(PROBLEM DESCRIPTION): Under this line is some data; print exactly the lines from the one containing "489 - VINTAGE" through its last line, without pictures.

(INFORMATION SHOWN):
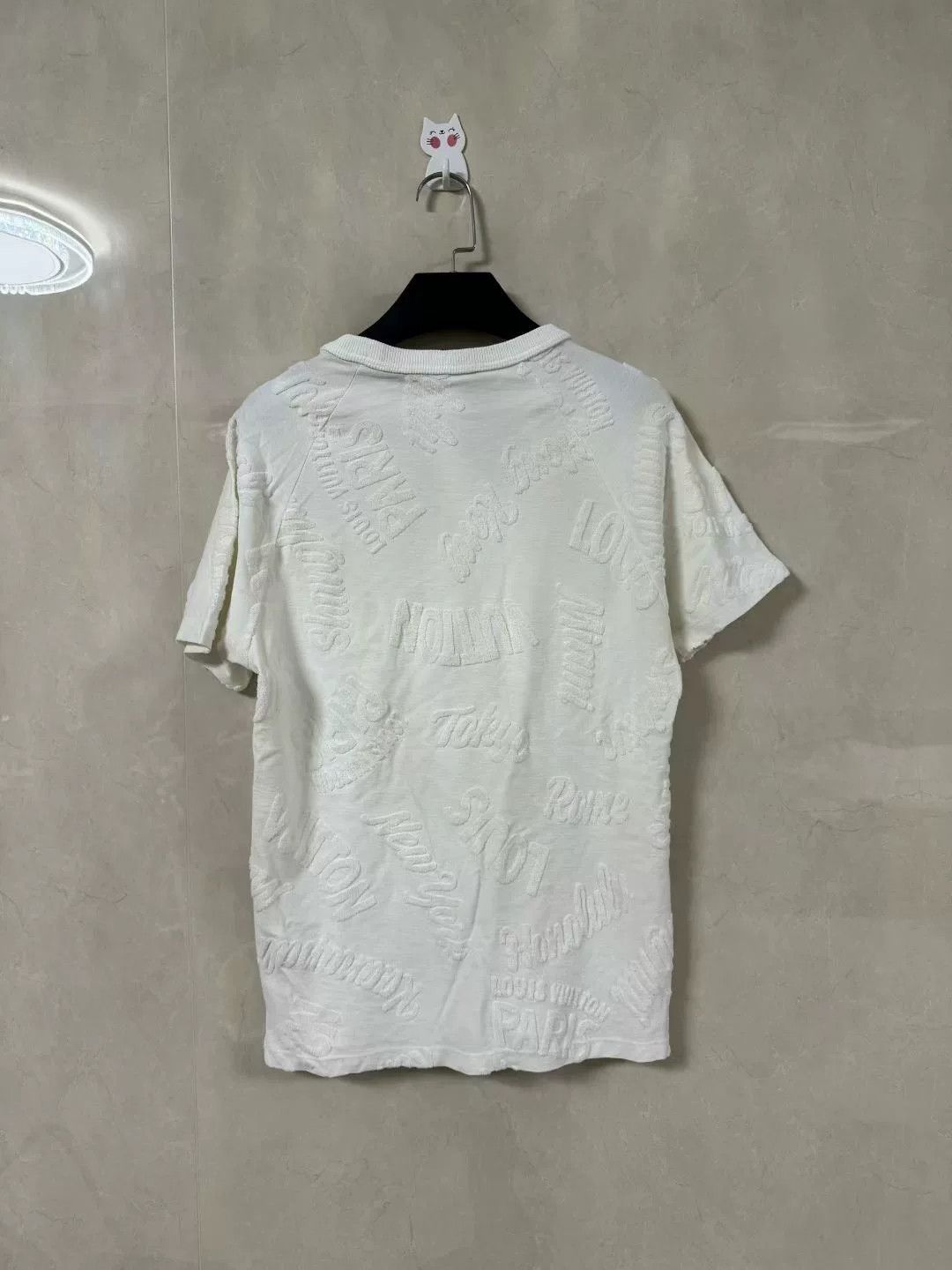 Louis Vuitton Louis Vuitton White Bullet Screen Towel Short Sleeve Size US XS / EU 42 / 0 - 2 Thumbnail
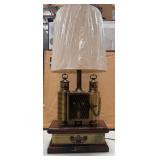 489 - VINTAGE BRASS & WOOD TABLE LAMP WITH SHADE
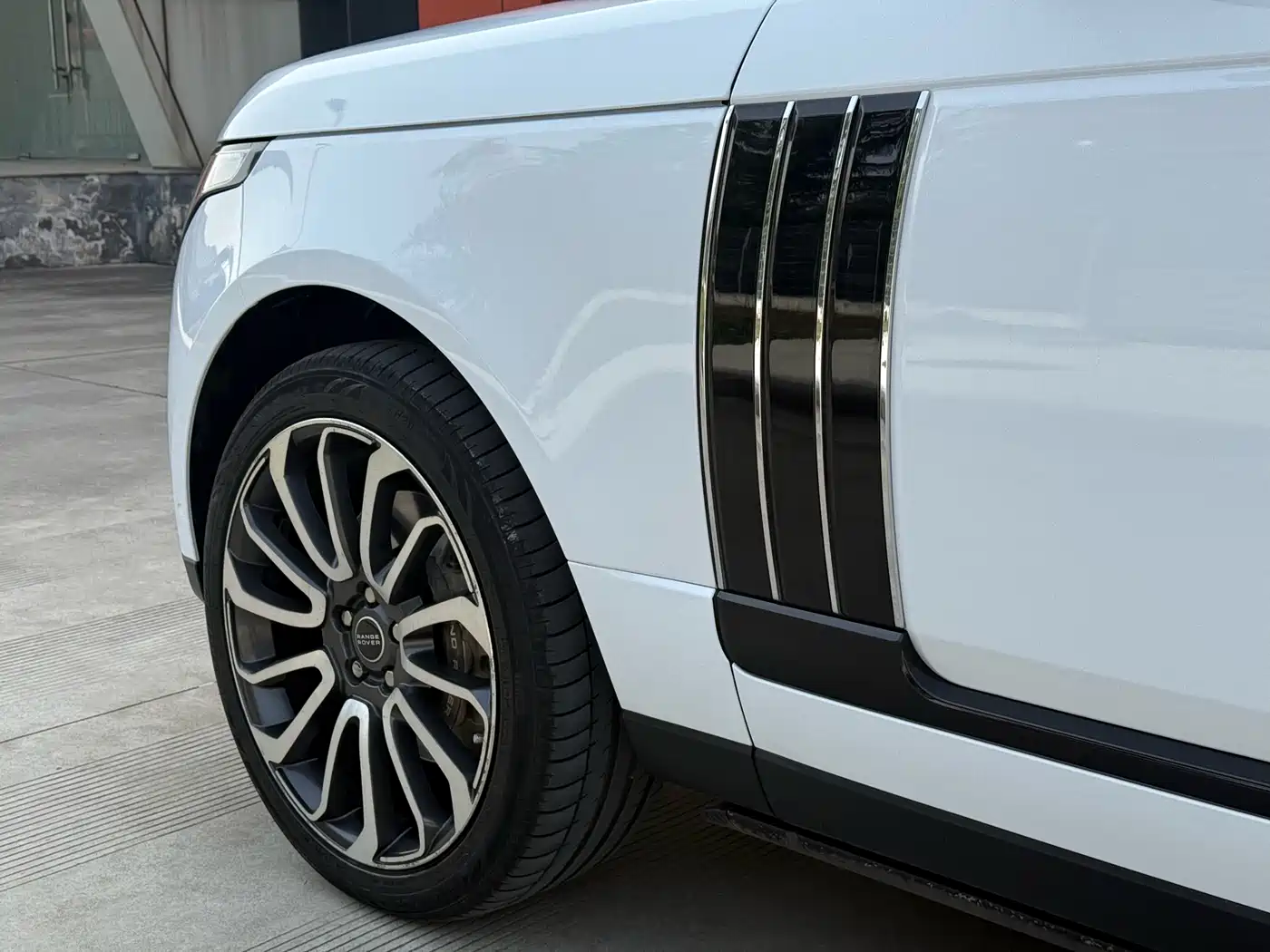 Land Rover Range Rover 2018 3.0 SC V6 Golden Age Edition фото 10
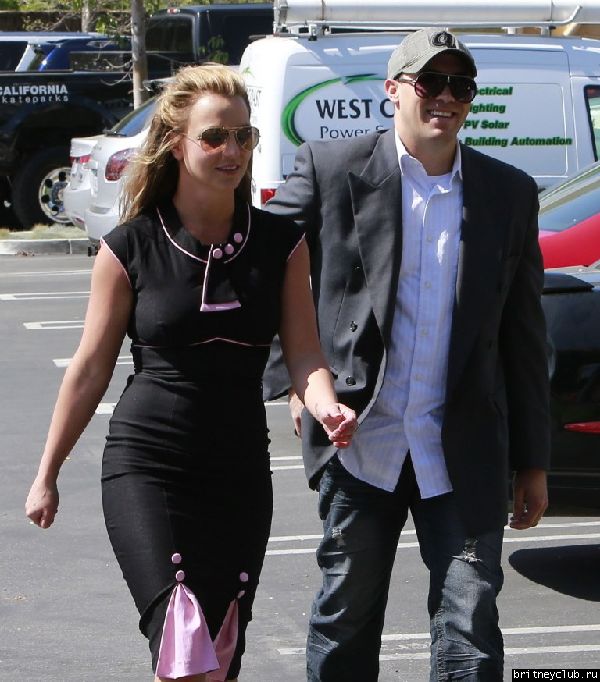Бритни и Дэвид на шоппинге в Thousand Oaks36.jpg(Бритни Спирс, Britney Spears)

(EXERCISE RESPONSE):
 489 - VINTAGE BRASS & WOOD TABLE LAMP WITH SHADE
 Land Rover Range Rover 2018 3.0 SC V6 Golden Age Edition фото 10
Бритни и Дэвид на шоппинге в Thousand Oaks36.jpg(Бритни Спирс, Britney Spears)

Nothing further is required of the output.